Segment Start: SUPPLIED RECORDS

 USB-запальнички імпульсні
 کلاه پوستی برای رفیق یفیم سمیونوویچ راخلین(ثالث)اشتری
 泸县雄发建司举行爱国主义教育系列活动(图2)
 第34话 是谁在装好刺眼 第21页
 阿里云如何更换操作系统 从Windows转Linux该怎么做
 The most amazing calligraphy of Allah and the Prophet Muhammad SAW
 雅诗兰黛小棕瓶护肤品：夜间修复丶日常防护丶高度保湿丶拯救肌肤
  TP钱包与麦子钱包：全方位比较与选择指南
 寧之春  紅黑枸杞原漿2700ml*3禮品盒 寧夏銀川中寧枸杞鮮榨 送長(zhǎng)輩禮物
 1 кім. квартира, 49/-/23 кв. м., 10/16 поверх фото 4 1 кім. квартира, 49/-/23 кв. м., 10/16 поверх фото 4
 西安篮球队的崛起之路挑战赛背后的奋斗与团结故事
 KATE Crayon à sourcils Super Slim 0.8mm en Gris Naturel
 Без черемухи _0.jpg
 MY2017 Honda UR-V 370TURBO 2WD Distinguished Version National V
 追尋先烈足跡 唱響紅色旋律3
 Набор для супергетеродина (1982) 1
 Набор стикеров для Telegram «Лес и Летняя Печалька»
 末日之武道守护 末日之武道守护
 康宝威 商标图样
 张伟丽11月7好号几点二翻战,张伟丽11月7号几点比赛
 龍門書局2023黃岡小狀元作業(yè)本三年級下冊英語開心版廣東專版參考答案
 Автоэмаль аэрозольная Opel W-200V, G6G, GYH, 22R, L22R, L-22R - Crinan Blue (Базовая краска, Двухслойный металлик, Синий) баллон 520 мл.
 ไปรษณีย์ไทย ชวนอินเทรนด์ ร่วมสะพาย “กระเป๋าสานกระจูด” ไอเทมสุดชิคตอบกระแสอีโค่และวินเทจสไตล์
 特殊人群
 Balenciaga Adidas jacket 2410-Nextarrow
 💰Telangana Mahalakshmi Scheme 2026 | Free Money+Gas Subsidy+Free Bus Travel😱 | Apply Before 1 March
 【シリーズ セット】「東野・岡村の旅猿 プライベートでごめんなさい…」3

Segment End: SUPPLIED RECORDS

**ASSIGNMENT**
The answer must consist of every line in the records above that contains the word "Набор".

**SOLUTION TO THIS TASK**
 Набор для супергетеродина (1982) 1
 Набор стикеров для Telegram «Лес и Летняя Печалька»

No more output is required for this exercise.